== WHAT THE TASK ASKS ==
Copy each line from the data that has the word "Lightning" in it.

== TASK MATERIAL ==

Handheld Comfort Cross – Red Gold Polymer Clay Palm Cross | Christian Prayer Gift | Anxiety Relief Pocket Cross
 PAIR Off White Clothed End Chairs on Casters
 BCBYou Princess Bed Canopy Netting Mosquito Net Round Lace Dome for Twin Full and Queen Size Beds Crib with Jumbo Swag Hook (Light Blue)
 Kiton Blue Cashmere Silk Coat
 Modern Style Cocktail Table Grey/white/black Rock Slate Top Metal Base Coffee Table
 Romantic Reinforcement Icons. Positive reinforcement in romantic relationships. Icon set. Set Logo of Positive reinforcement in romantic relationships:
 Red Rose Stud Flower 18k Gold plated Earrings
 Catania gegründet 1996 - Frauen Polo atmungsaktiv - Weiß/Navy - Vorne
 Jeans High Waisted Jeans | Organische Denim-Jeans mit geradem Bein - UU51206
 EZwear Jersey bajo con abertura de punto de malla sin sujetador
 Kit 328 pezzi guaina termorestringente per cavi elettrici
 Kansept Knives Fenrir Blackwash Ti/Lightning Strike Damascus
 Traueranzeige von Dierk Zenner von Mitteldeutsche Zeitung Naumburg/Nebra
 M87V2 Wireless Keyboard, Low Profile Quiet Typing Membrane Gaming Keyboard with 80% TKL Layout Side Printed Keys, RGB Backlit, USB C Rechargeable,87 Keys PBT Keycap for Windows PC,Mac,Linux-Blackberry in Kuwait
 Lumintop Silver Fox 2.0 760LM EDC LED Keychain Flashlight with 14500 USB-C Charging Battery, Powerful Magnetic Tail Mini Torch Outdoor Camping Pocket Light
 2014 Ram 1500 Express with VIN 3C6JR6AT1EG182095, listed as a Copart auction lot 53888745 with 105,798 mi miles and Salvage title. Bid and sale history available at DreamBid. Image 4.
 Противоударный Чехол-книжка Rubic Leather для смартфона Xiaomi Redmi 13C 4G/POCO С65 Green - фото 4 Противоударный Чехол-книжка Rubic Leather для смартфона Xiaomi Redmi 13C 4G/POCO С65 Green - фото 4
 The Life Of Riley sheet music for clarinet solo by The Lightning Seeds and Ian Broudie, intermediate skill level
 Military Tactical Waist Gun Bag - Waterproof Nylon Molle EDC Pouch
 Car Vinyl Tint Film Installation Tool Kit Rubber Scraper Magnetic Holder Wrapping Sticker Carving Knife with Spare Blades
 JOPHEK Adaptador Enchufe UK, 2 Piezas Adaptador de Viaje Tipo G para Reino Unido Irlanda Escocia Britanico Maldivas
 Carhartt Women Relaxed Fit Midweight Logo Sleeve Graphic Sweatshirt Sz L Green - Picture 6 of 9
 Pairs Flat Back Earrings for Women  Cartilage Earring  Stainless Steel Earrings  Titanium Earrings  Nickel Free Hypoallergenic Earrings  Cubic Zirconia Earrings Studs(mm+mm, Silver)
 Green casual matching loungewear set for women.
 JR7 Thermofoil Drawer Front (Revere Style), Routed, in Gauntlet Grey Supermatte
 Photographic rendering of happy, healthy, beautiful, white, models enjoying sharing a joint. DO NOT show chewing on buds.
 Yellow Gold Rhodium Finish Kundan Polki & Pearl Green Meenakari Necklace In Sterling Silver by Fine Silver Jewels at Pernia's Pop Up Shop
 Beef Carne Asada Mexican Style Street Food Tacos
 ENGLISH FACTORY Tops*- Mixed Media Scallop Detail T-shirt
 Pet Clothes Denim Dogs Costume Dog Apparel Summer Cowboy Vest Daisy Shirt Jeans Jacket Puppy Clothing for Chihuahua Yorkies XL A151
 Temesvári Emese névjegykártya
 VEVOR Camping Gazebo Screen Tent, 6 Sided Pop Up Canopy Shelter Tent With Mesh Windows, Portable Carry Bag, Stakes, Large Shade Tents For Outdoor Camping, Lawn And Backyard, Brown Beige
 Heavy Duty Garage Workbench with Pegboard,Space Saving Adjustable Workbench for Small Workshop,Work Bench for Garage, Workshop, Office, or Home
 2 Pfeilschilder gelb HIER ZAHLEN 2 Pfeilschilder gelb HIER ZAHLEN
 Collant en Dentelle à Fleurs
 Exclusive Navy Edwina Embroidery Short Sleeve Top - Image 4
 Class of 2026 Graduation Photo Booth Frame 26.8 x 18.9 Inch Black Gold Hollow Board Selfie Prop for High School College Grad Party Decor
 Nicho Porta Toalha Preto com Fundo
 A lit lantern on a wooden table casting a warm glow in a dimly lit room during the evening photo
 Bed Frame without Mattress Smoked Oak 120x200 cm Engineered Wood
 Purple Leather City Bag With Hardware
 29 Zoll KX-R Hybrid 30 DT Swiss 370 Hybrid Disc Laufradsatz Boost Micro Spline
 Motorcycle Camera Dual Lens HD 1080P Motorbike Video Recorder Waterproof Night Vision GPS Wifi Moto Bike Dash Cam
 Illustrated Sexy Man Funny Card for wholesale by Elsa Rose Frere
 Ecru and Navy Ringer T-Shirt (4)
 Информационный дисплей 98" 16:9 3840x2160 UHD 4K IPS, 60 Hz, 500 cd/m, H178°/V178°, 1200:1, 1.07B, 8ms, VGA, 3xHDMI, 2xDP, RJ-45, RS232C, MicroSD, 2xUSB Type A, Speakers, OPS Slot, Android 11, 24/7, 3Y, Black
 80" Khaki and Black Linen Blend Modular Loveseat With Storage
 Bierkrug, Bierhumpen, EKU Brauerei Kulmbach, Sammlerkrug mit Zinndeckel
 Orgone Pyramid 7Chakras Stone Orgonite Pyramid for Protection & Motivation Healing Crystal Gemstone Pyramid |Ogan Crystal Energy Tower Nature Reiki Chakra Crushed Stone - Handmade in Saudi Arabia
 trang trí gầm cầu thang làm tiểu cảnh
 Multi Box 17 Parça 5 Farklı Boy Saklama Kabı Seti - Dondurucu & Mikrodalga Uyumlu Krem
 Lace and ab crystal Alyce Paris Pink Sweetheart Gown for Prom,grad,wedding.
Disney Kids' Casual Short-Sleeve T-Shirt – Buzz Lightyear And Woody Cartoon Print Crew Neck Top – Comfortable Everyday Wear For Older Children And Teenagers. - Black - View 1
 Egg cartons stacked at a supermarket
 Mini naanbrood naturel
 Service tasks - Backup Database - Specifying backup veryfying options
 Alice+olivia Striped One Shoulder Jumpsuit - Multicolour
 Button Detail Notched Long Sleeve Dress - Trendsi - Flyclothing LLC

== RESULT OF THE EXERCISE ==
 Kansept Knives Fenrir Blackwash Ti/Lightning Strike Damascus
 The Life Of Riley sheet music for clarinet solo by The Lightning Seeds and Ian Broudie, intermediate skill level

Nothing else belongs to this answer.